By Shakir Mir

Ghulam Qadir Bhat.
Ghulam Qadir Bhat.

On September 6 last year, Nusrat Qadir, a resident of Maisuma Srinagar was waiting with a bated breath for floods to show up as were hundreds of locals in her area. Water level had scaled up alarmingly in Jhelum and it was barely a matter of time before embankments would crack open, letting furious flood waters inundate the city.

Nusrat’s two sisters and her parents sat huddled together with fear in their room while her brother, a recent selectee in J&K police, was away in Kangan for training.

She and her sister were gearing up for their marriage when persistent rains triggering flood warnings sounded death knell. Next day, when floods finally besieged the city, Nusrat’s family was forced to abandon their house, leaving behind the paraphernalia of her wedding preparations. They waded through chest-deep water and reached the nearby hotel buildings to save their lives. “That fateful day changed our life totally,” she says, wrinkles creasing her face. “I and other cousins stayed at hotel Taj while my father and other male cousins went to Standard hotel which wasn’t far away.”

Shortly, a series of thudding sounds chilled them. Flood waters hit some structures with force, rendering them weak and causing them cave in. Many houses developed cracks. Nusrat’s father Ghulam Qadir Bhat, 46, grew restless. “He must be worried about the belongings, trousseau and jewelry that we had got for our marriages,” she says.

Qadir shuttled back to the house, hoping to watch over, should the burglars turn up. But tragically, he couldn’t live enough. Angry waters heaved a wooden slab into his direction, smashing it against his head. “He died on spot.”

The word of his demise first reached Nusrat who fought back the tears to keep it from her family, fearing that the news would devastate her ailing mother. “I had no other option,” she says, welling up. “What else could I have done? Water was all around us.”

Seven days later, when water receded, Nusrat was delighted to see her brother return from Kangan. Together they left the hotel to retrieve their father whose lifeless body was swollen with water amid debris of their collapsed home.

Now shelter-less, the family was left to their own devices. The demise of father had also burdened the shoulders of their would-be policeman brother, Saleem Bhat who was the only earner in the family now.

“After the incident,” narrates Nusrat, “we started to live in the Marriage Hall at Lal Chowk for the next two months before our maternal uncle relinquished his old house in Chanapora.”

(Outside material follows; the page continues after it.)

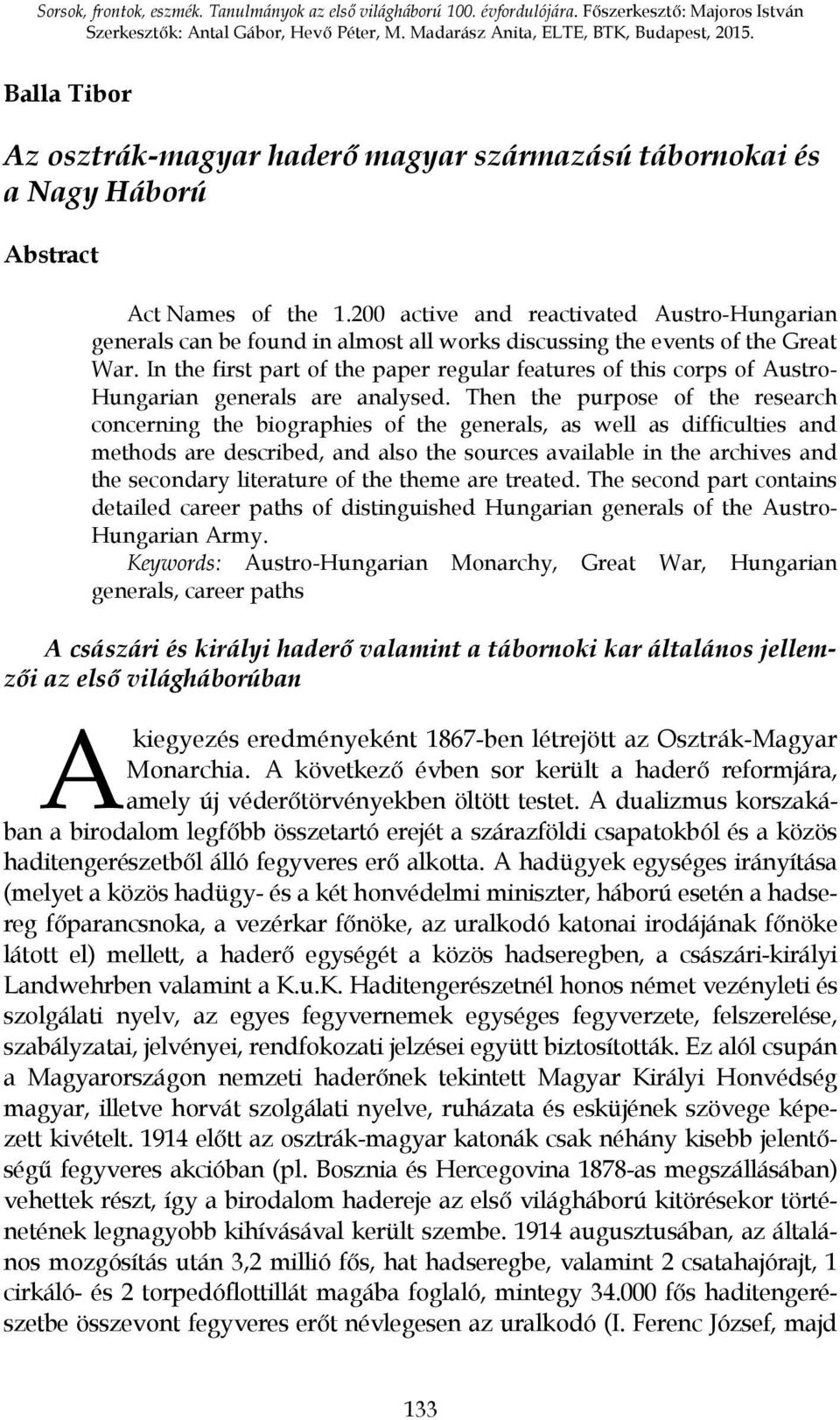 200 active and reactivated Austro-Hungarian generals can be found in almost all works discussing the events of the Great War.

At Chanapora residence, new difficulties awaited them. Electricity supply was inadequate. They were short of beddings, utensils and other essential items. Due to scarcity of money, they had to even starve at occasions. Dinner was always eaten in room illuminated by a flickering candle light.

When winters drew closer and bathing with cold water become insufferable, the sisters couldn’t help anymore. “We requested our relatives living in vicinity to let us use warm water available with them,” Nusrat says, adding that she had to carry drinking water all the way from city center just because the tube-well water back at Chanapora was drinkable.

For the next seven months they stayed put at the place until their neighbors at Maisuma revealed themselves generous enough to rent out a room for free. The Bhat family had been living there happily until recently when the owners decided to raze it down. “Now we are going back to Chanapora,” Nusrat says, her face saddened at the thought of it.

She saw a glimmer of hope when government announced measures to compensate the owners of fully-damaged houses with Rs 9 lakh. Her expectations dashed when it doled out Rs 1, 75,000, a pittance given the scale of devastation. “We desperately need money to build a house of our own and besides, I have to marry myself and my sister as well,” says Nusrat, whose family braved scornful taunts of relatives for “milking too much money from government” over the death of her father.

Nusrat also expresses gratitude for chairman of moderate Hurriyat group, Mirwaiz Umar Farooq who has promised to build a storey for this family under initiative of Akh Akis, where he will be rebuilding 100 houses for flood affected families. “I would always be indebted to every single person who came for our help,” she says. “But the void that was left by our father’s departure will always be there.”